I'd like the records transcribed exactly, leaving the images out.

(Captioned web images)
* * * * * * *
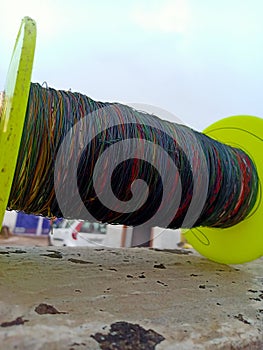 A pulley wrapped with strings used to fly kites.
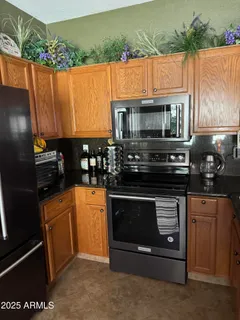 a kitchen with stainless steel appliances wooden cabinets and a stove top oven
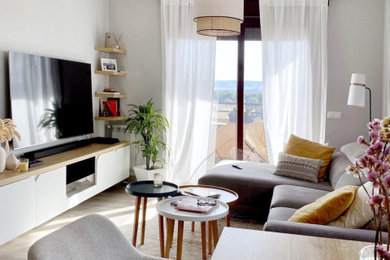 Ejemplo de salón abierto escandinavo con paredes grises, suelo de madera en tonos medios, chimeneas suspendidas, televisor colgado en la pared y suelo gris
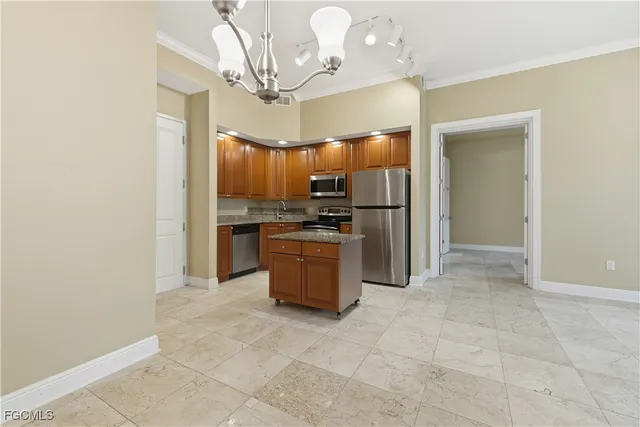 an empty room with windows and outdoor view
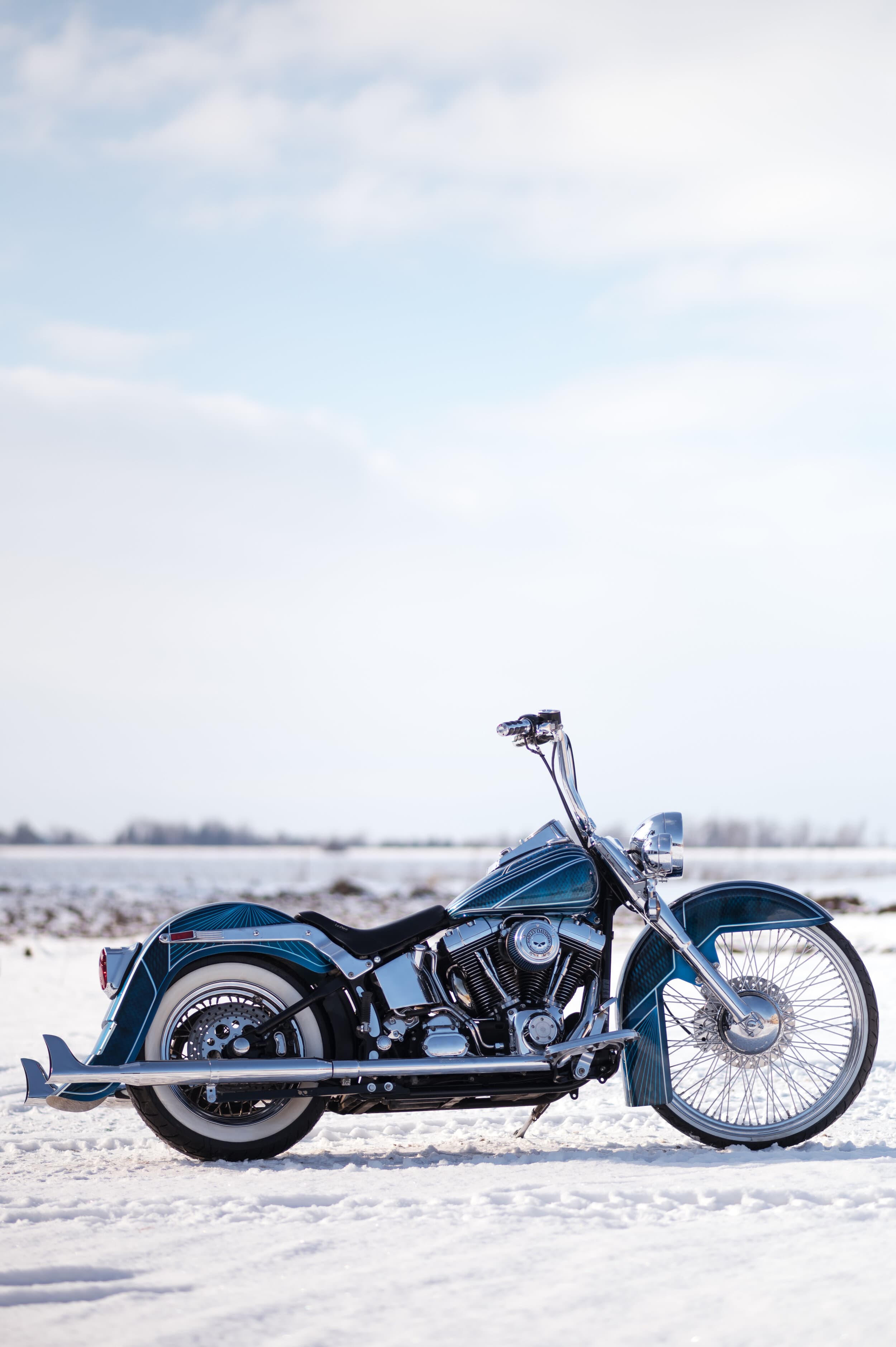 Blue Harley Softail parked on a snowy Ontario field, waiting for riding season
* * * * * * *
Your solution:
 A pulley wrapped with strings used to fly kites.
 a kitchen with stainless steel appliances wooden cabinets and a stove top oven
 Ejemplo de salón abierto escandinavo con paredes grises, suelo de madera en tonos medios, chimeneas suspendidas, televisor colgado en la pared y suelo gris
 an empty room with windows and outdoor view
 Blue Harley Softail parked on a snowy Ontario field, waiting for riding season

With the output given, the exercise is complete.